8. The apparatus according to claim 7, wherein the ratio m=9:1 to
1:3.
9. The apparatus according to claim 7, wherein the notching disk
has 8 to 25 teeth per cm of circumference.
10. The apparatus according to claim 7, wherein with a trapezoidal
design of the teeth the ratio between the width B of the tip of one
large tooth and the wide b of the tip of a small tooth is B/b=1.2
to 4.
11. The apparatus according to claim 9, wherein the ratio is
B/b=1.5 to 3.
12. The apparatus according to claim 7, wherein the notching disk
is straight toothed.
13. The apparatus according to claim 7, wherein the notching disk
is helically toothed.
Description
FIELD OF THE INVENTION
[0001] The invention relates to a metallic heat transfer tube, in
particular for the evaporation of liquids from pure substances or
mixtures oriented on the outside of the tube.
BACKGROUND OF THE INVENTION
[0002] In the following discussion, certain specific terminology
will be used.

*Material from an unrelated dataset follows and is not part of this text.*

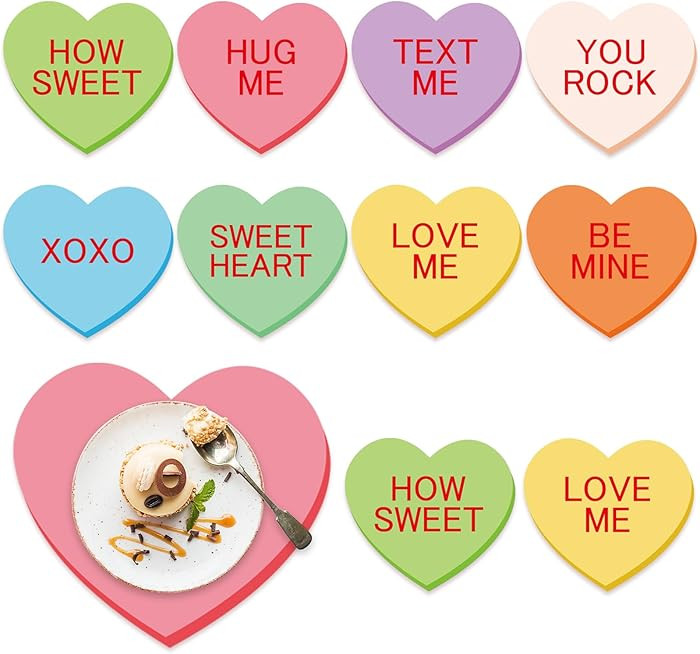 Whaline 50 Pack Valentine's Day Paper Placemats Conversation Heart Disposable Table Mat Colorful ... | Amazon (US)
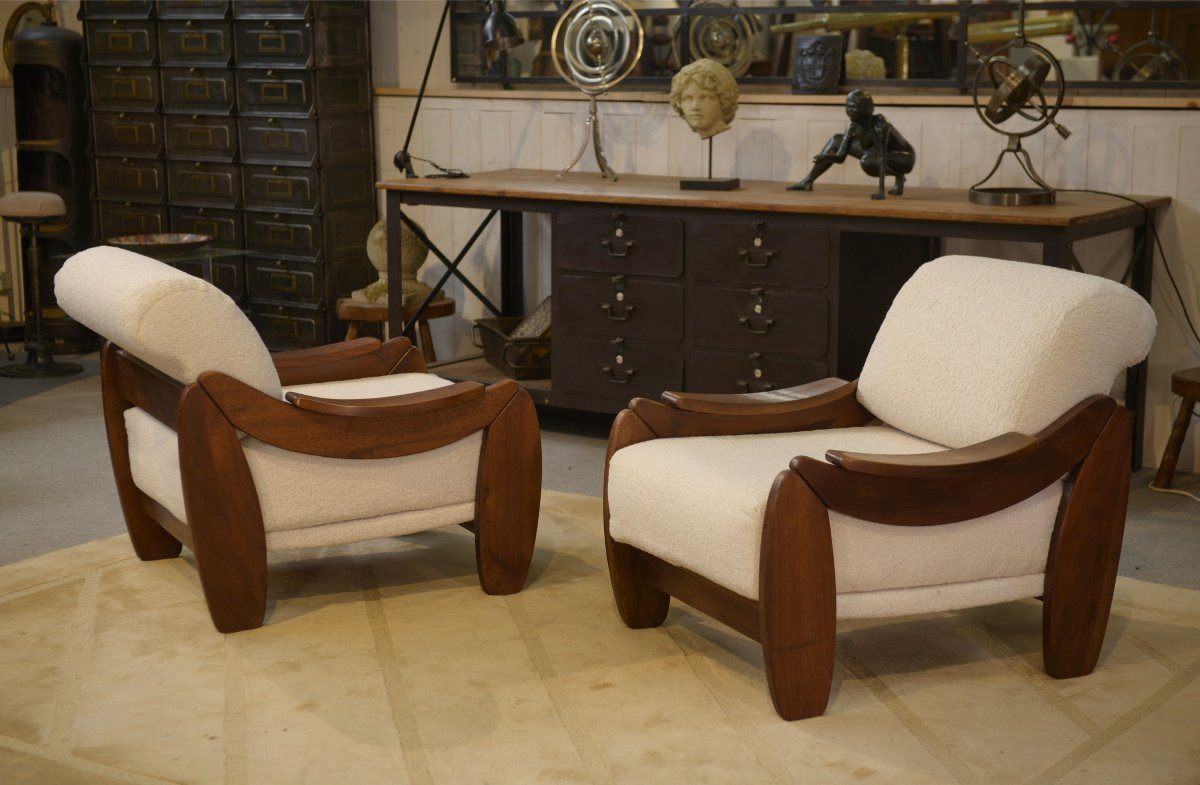 Paire de fauteuils brutalistes en acajou et bouclettes écrues 1970's-photo-2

The phrase "shellside" is to refer to the outside
region of a tube. The phrase "tubeside" is to refer to the inside
region of a tube.
[0003] Evaporation occurs in many fields of air-conditioning and
refrigeration engineering and process and energy engineering. In
engineering often so-called shell and tube heat exchangers are
utilized in which liquids from pure substances or mixtures
evaporate on the shellside and thereby cool off a brine or water on
the tubeside. Such apparatus are identified as flooded
evaporators.
[0004] By intensifying the heat transfer on the shellside and the
tubeside, it is possible to significantly reduce the size of the
evaporator. This reduces the manufacturing costs of such apparatus.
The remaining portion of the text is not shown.